:: ACTION ITEM ::
Exactly the lines from the one containing "LR072486 Front fender" through the one containing "Zeus Hotels Palm Beach" in the listing below are to be copied, with the pictures left out.

:: EXERCISE DATA ::

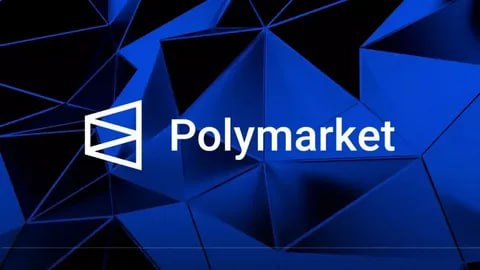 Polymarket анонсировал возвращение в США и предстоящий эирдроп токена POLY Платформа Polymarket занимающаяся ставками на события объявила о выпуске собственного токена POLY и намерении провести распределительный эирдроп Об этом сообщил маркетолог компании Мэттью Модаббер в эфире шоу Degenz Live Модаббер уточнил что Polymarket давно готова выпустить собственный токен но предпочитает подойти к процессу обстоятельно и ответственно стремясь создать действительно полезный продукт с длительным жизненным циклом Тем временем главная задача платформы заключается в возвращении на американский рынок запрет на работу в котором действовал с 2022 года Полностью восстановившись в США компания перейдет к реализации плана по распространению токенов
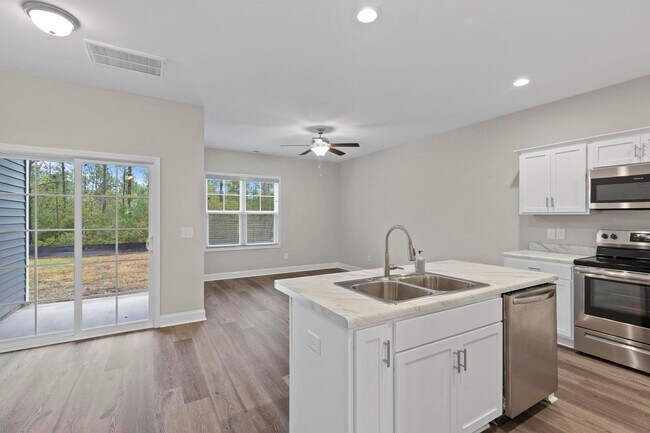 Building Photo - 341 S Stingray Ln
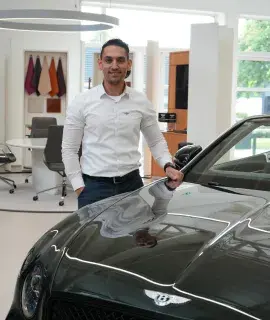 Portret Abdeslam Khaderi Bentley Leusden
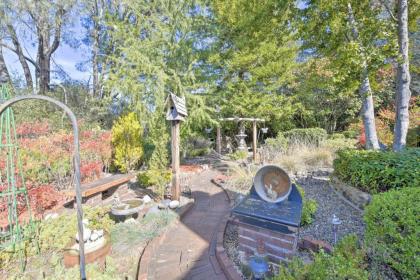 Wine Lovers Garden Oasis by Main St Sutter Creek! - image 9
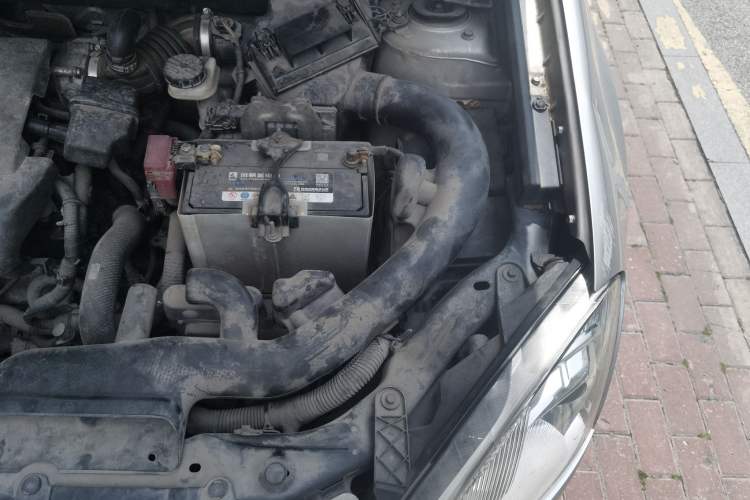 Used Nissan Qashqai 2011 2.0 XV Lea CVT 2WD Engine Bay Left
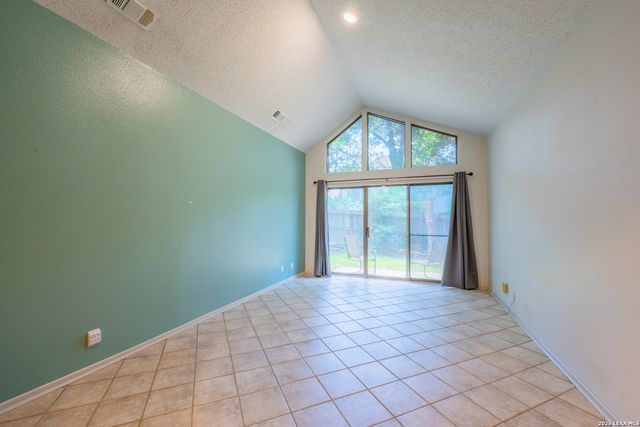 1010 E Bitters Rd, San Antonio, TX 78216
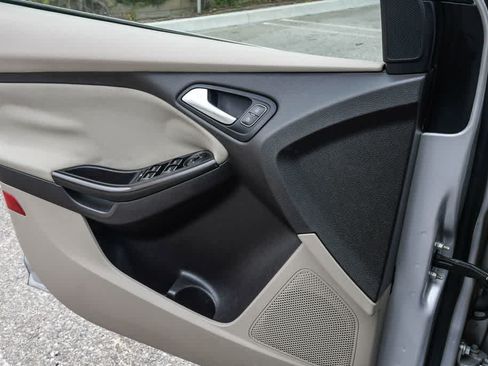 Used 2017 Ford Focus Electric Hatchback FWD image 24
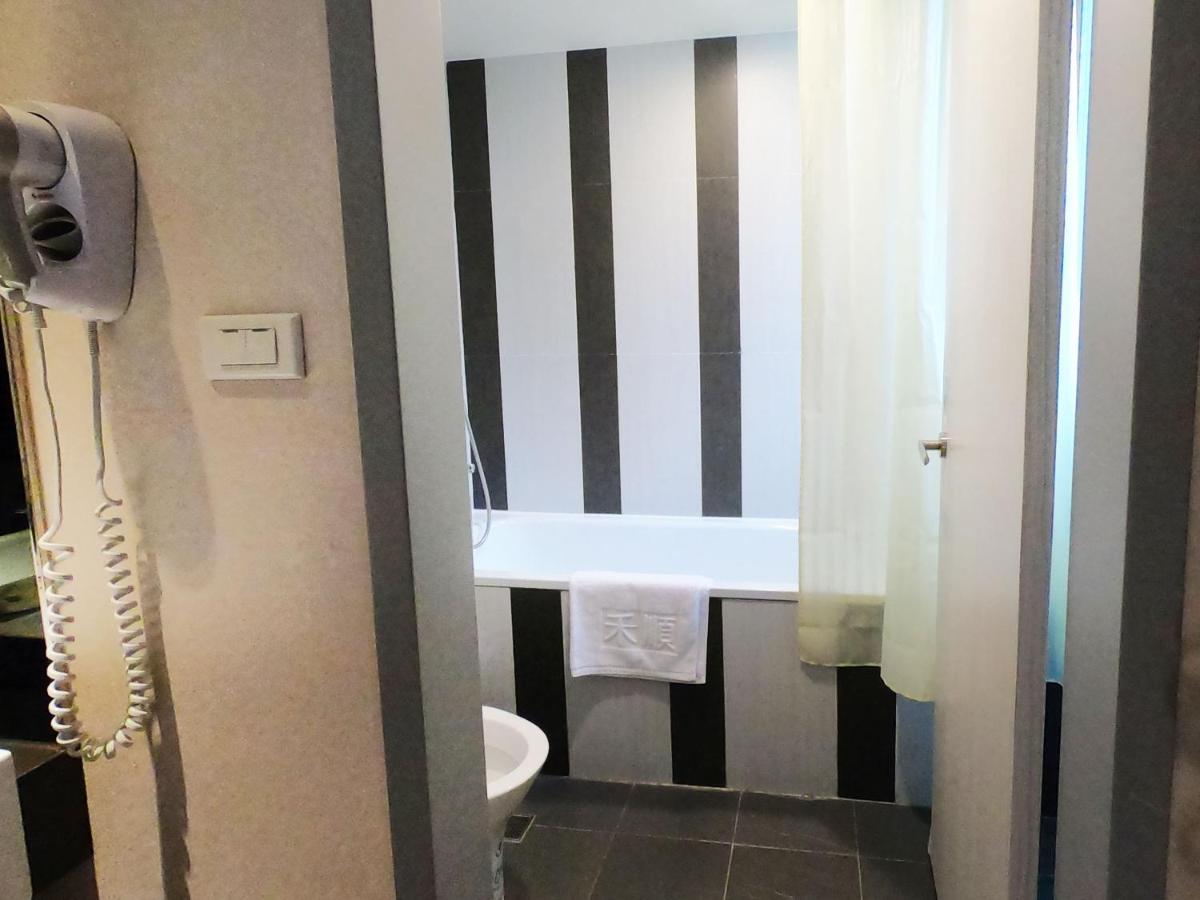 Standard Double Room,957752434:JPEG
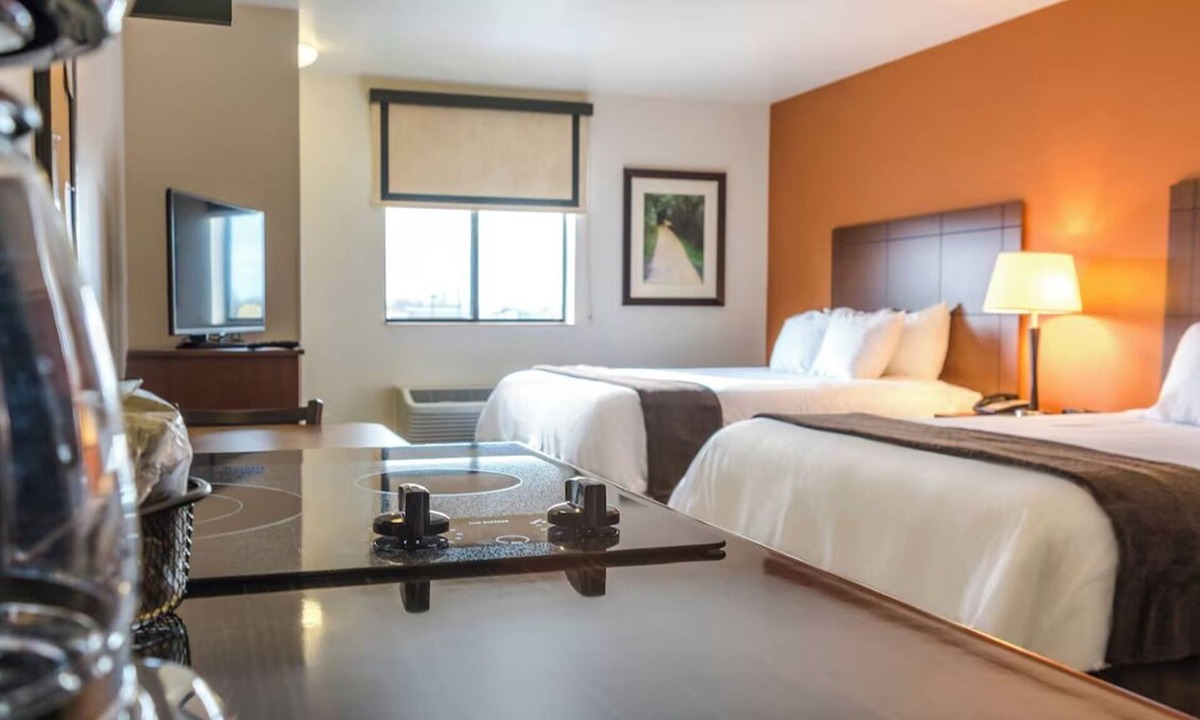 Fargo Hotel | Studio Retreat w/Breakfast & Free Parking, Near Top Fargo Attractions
---
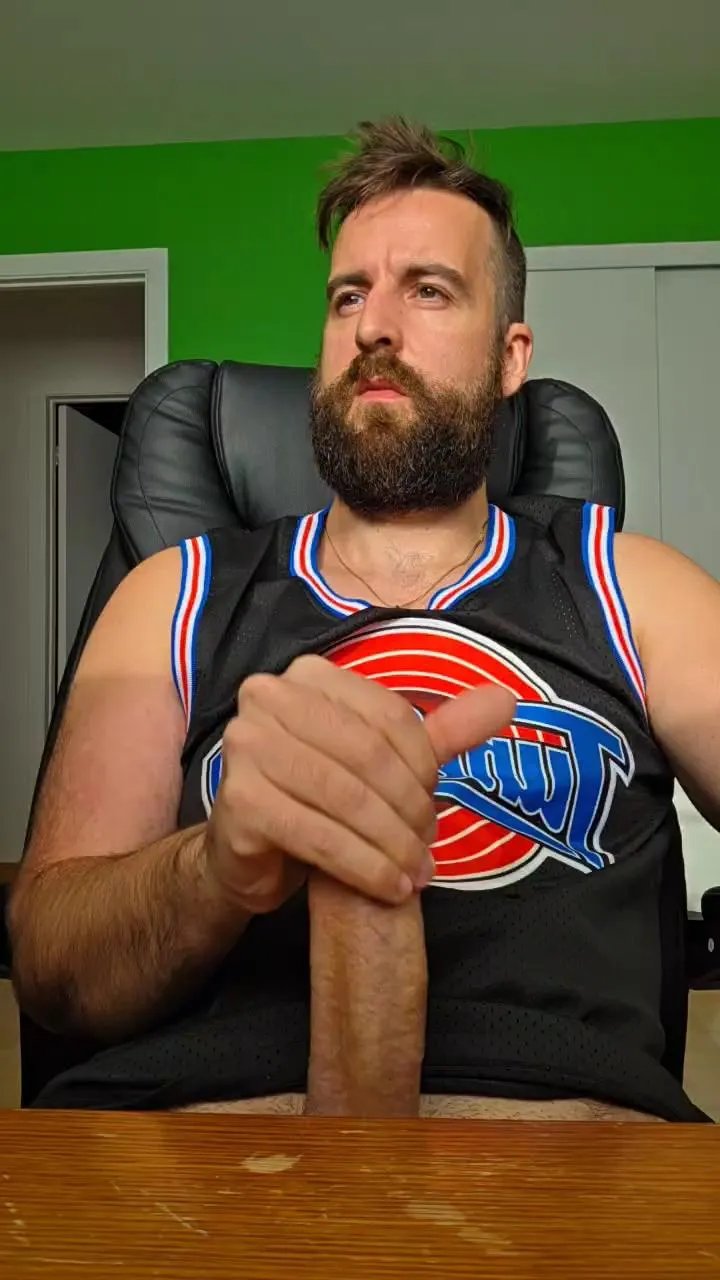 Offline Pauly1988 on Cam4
--
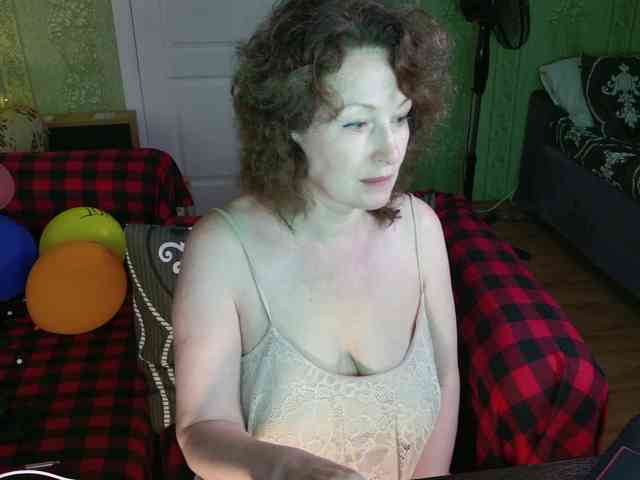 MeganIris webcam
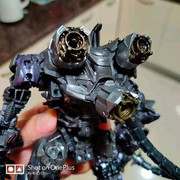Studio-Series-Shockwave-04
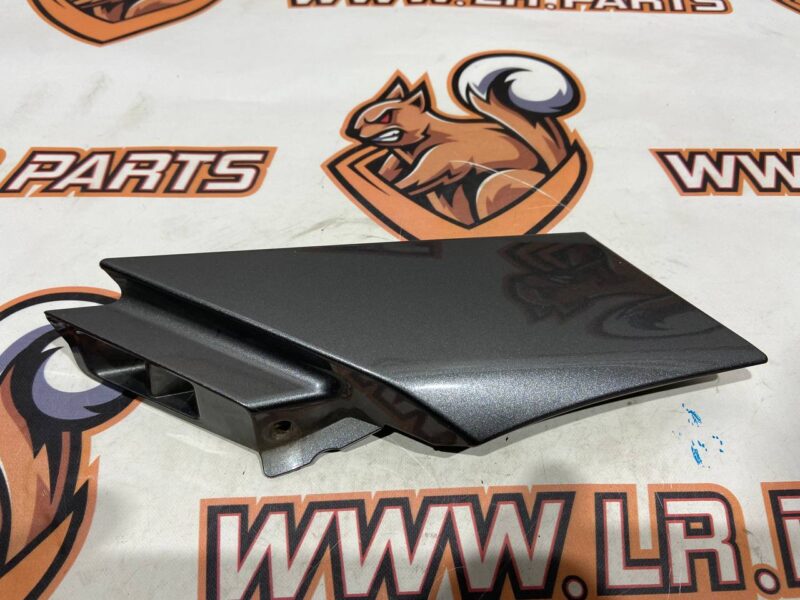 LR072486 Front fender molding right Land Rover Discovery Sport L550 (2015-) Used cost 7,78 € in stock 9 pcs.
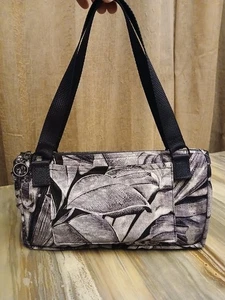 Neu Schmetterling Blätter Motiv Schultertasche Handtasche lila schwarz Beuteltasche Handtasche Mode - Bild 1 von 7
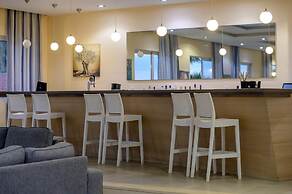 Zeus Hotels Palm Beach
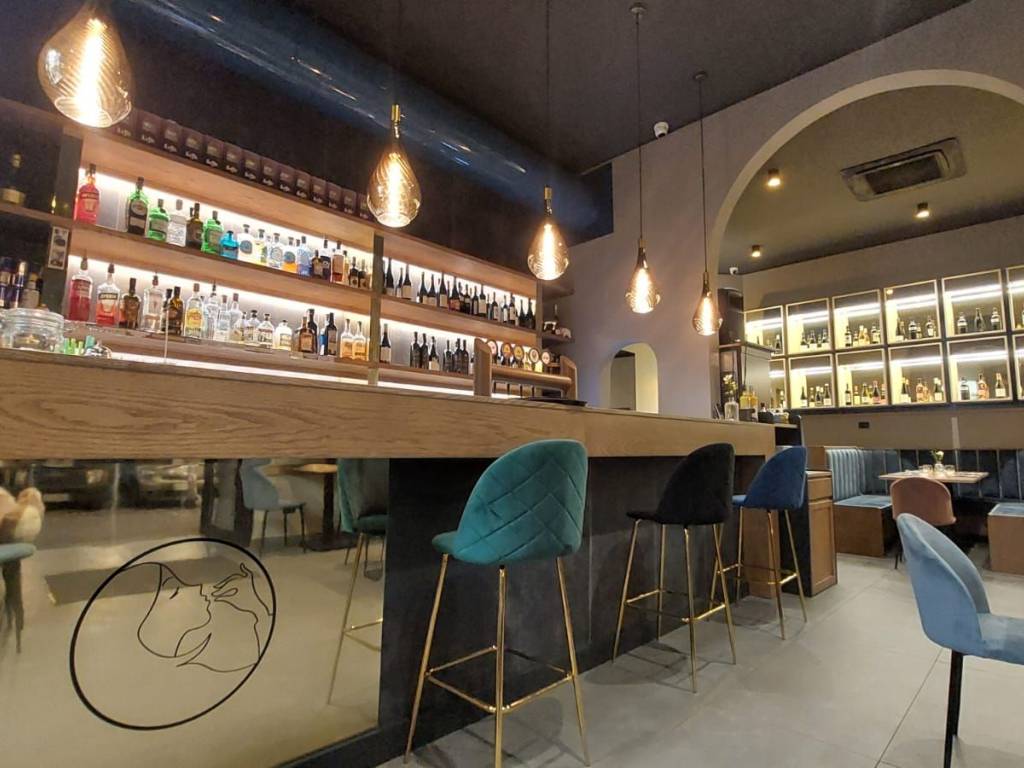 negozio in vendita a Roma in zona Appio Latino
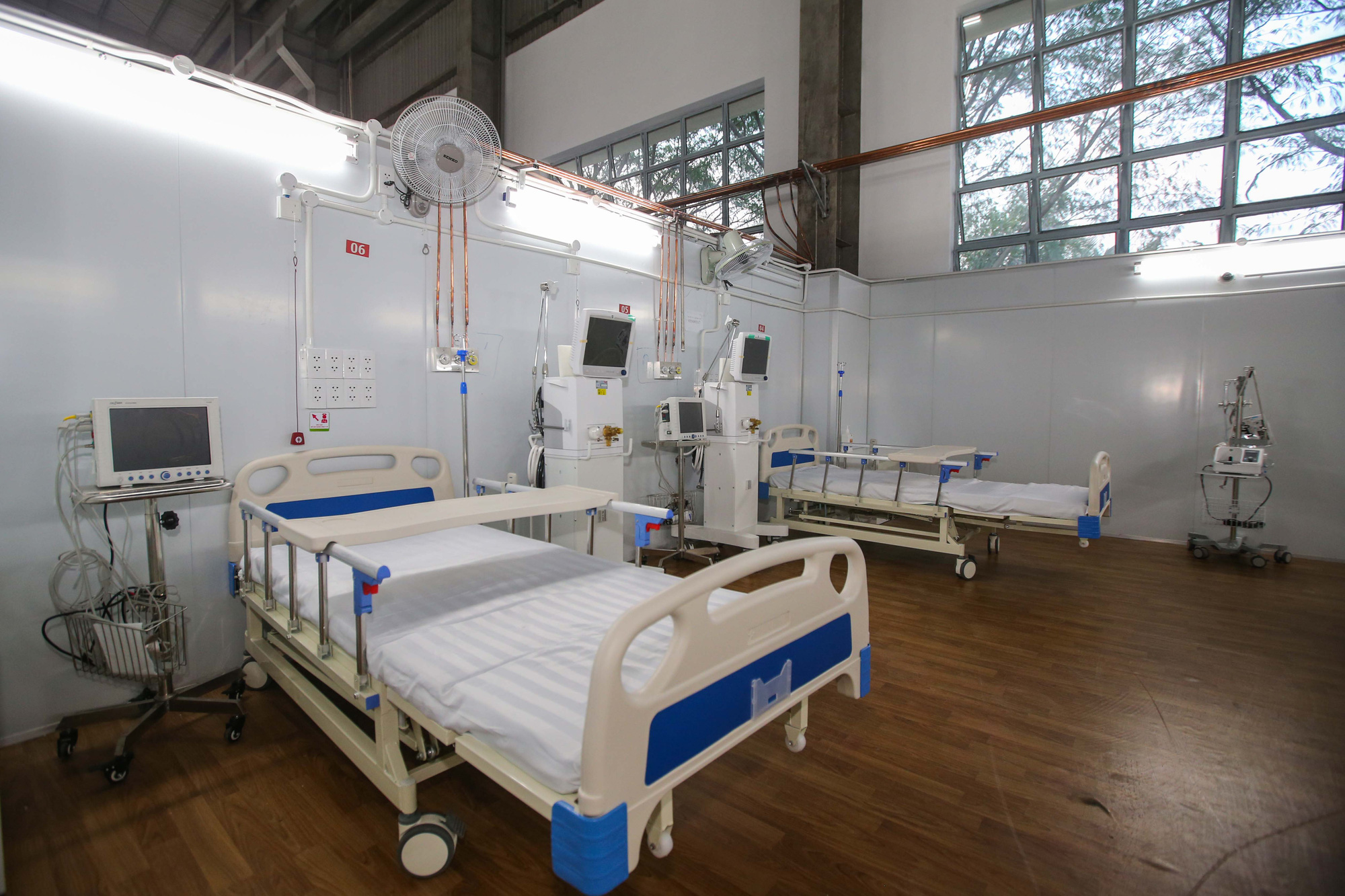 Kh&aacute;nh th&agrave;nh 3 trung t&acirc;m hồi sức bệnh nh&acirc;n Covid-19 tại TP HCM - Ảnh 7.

:: SOLUTION ::
 LR072486 Front fender molding right Land Rover Discovery Sport L550 (2015-) Used cost 7,78 € in stock 9 pcs.
 Neu Schmetterling Blätter Motiv Schultertasche Handtasche lila schwarz Beuteltasche Handtasche Mode - Bild 1 von 7
 Zeus Hotels Palm Beach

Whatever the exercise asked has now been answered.